Question

The percentage weight of Zn in white vitriol $[ZnSO_4 . 7H_2O]$ is approximately equal to $(at. \, mass\, of \, Zn= 65, S=32, 0=16 \, and \, H= 1)$

• A. $33.65%$
• B. $32.56%$
• C. $23.65%$
• D. $22.65%$

Answer 1

The Correct Option is D

To calculate the percentage weight of Zinc (Zn) in white vitriol, which is the compound [ZnSO_4 . 7H_2O], we first need to determine the molar mass of the entire compound.
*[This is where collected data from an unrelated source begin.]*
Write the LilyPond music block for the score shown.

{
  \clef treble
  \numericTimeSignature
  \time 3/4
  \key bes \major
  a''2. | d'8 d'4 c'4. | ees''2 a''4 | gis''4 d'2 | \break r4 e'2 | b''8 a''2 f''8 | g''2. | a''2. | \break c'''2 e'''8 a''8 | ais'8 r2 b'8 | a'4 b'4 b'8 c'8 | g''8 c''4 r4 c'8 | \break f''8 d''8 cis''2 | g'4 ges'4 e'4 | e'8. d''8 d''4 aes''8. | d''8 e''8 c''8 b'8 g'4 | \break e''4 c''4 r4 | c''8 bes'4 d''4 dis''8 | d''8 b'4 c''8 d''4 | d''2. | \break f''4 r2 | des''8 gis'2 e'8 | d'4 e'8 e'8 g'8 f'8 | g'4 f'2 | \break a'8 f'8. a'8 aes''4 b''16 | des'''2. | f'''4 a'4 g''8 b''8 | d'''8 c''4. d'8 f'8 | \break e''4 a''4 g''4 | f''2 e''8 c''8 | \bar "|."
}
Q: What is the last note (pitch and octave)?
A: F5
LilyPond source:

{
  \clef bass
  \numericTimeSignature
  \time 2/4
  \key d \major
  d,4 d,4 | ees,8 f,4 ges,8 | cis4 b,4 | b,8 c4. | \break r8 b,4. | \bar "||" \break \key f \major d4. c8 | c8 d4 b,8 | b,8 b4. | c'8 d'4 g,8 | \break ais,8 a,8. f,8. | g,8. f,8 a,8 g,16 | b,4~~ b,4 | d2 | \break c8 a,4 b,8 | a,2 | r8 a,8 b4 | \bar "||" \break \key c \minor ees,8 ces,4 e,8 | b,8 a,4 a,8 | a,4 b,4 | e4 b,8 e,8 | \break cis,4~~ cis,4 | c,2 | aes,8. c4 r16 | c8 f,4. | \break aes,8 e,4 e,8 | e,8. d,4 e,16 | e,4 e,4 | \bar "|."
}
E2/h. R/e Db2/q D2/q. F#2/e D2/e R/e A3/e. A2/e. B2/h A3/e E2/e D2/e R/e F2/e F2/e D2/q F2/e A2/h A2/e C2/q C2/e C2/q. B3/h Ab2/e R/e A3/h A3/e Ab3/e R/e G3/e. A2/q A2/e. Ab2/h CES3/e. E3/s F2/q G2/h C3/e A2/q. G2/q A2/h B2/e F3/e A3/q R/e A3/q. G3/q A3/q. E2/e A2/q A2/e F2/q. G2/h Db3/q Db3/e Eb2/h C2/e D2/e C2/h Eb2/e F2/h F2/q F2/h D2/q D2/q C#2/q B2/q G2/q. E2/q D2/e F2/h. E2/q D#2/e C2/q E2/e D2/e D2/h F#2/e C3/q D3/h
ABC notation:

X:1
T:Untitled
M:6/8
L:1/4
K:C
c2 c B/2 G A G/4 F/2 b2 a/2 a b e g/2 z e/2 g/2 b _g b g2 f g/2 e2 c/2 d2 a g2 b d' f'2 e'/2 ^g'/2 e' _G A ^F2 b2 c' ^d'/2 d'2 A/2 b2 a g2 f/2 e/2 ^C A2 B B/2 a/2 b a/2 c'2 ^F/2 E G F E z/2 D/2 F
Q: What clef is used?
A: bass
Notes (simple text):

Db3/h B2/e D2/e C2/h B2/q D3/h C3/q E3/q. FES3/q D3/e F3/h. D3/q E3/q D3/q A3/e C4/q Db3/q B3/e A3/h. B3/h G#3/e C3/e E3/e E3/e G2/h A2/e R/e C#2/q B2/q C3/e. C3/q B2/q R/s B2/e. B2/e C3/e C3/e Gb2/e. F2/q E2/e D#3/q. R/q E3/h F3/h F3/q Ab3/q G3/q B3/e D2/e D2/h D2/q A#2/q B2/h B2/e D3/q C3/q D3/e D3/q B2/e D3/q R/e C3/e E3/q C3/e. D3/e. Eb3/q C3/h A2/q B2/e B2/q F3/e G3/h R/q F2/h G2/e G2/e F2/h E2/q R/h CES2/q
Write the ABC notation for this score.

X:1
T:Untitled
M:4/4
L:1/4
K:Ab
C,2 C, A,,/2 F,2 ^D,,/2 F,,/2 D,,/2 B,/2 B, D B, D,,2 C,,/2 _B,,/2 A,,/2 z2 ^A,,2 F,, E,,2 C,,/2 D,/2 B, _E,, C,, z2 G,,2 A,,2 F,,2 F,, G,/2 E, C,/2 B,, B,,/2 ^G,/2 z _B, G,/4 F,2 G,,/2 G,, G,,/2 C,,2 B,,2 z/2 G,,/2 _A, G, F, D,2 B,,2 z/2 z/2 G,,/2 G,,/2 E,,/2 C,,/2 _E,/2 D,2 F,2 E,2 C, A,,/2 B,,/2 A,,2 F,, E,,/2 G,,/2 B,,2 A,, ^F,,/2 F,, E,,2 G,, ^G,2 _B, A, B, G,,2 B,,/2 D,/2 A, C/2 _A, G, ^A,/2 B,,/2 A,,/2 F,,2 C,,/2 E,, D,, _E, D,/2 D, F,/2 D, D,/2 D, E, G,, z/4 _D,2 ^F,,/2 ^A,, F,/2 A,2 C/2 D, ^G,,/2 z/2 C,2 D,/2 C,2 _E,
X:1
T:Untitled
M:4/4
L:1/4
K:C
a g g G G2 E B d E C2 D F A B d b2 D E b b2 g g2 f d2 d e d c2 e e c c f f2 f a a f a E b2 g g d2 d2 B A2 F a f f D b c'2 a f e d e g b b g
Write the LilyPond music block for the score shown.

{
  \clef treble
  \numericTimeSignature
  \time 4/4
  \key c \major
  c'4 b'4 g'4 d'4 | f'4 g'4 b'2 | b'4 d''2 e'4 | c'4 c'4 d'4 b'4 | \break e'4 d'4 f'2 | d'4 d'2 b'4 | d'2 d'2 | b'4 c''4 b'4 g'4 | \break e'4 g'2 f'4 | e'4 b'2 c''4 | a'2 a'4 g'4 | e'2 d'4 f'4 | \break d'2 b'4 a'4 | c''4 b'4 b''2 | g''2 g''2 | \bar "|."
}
1. Calculate the molar mass of each component:
   • Zinc (Zn): Atomic mass = 65
   • Sulfur (S): Atomic mass = 32
   • Oxygen (O): Atomic mass = 16
   • Hydrogen (H): Atomic mass = 1
2. Calculate the molar mass of ZnSO_4:
   • Molar mass of ZnSO_4 = (Zn) + (S) + (4 × O) = 65 + 32 + (4 × 16) = 161
3. Calculate the molar mass of 7H_2O:
   • Molar mass of H_2O = (2 × H) + (O) = 2 × 1 + 16 = 18
   • Molar mass of 7H_2O = 7 × 18 = 126
4. Calculate the total molar mass of [ZnSO_4 . 7H_2O]:
   • Total molar mass = Molar mass of ZnSO_4 + Molar mass of 7H_2O = 161 + 126 = 287
5. Calculate the percentage weight of Zn in the compound:
   • Percentage weight of Zn = \(\frac{{\text{Molar mass of Zn}}}{{\text{Total molar mass of } [ZnSO_4 . 7H_2O]}} \times 100 = \frac{65}{287} \times 100 \approx 22.65\%\)

Therefore, the percentage weight of Zinc in white vitriol is approximately 22.65\%.